Where Is Your Identity?
Stop looking at yourself in carnival mirrors. This is one plea from Paul Tripp’s new book, Dangerous Calling. Carnival mirrors give us a distortion of who we really are, and they’re everywhere we look.
This is especially true of the pastor or ministry leader who is tempted to stay locked in on the horizontal level. The danger is to mistake our work to be what defines us — to be so fixed on the “carnival mirror of ministry” that we buy as our true identity the twisted depiction it reflects. Paul Tripp explains:
[Full transcript]
You mention in your book, Dangerous Calling, that there are some leading indicators that spiritual blindness might be happening in the life of the pastor or ministry leader, and one of those themes that functions as a mechanism of spiritual blindness is when we let our ministry define our identity. What do you mean by this?
I like the metaphor in Scripture of the word of God being this perfect mirror that I look into and see myself as I actually am. What we tend to look into is carnival mirrors. They show me me, but they show me me with distortion, like the carnival mirror at the fair. I see myself, but there is distortion. This identity thing in ministry is one of those carnival mirrors.

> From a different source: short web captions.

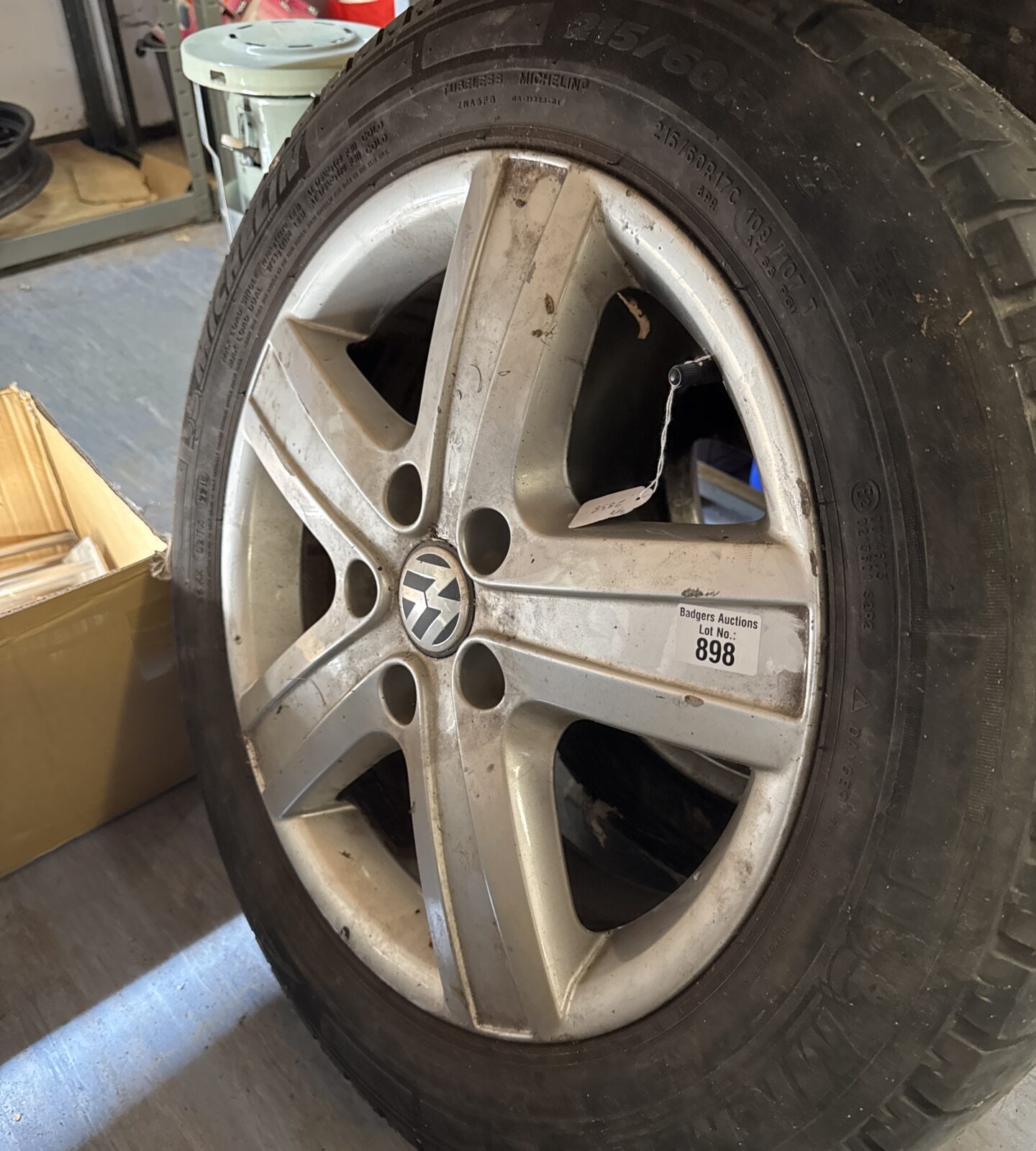 Two 17” VW transporter alloy wheels - have kerb marks - Image 2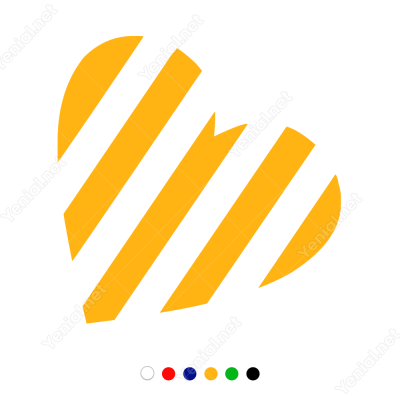 Sevgililer Günü Aşk Yatay Desenli Kalp 110x110cm Sticker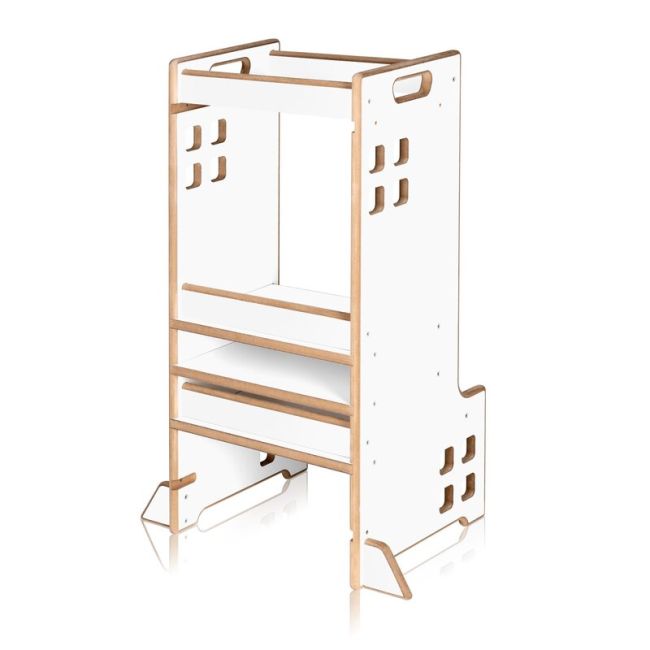 Turn de invatare Montessori, Lionelo, Cass, Functie de raft pentru carti, Pana la 30 kg, 12 luni - 6 ani, Din MDF si furnir, 3 trepte de inaltime, Alb BYNLO-CASS_WHITE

Here is where you see something that is a normal human struggle intensified by ministry. The normal human struggle is to look for identity horizontally when I was hardwired by God to get it vertically. I look for something in creation to define who I am, whether that is a marriage or my work or my athletic body or whatever that is. And ministry powerfully provides that: I am a knowledgeable public person, I am a carrier of the gospel of the Lord Jesus Christ. All of those things provide a sense of identity that is marvelously distorted.
I am not something because I am in ministry — *can I say this more powerfully? *— I am something because I am in Christ. Bottom line. And when I need ministry to be something, I have forsaken the gospel in the way that I am living. How can I forsake the gospel while being a minister of the gospel? It can't work. But it happened to me. I remember one of the first critical conversations I had with somebody at my young church I had planted. They said, “You think because you are a pastor that you are supposed to be an expert at everything.” He was right. I had to be the smartest. I had to be the best. I had to be “fill in the blank.” Because ministry was defining me. And it is a mess. It just can never work.
You mentioned faith can become our professional calling and how horrible that is. Yet, being a pastor is a pastor's job. How does he walk that line?
One of the places where I've talked about this specifically is when a pastor is preparing a sermon. For every sermon prepared there should be a devotional interlude where I stop and I say, “God, reveal to me what of me you want to expose by this passage. What of you that I need to see that I am not seeing.”
I am stopping and pushing this through me because I am telling myself “I am not this person who is totally okay and the reason I am in ministry is because ‘I am okay’ and I am going to give this to people who are obviously not okay.” It is once again me telling myself “it is impossible for me to preach anything that I do not desperately need myself.” And that devotional interlude is an absolute habit, commitment for me. I think it is very, very important that I always stop and do that in my preparation.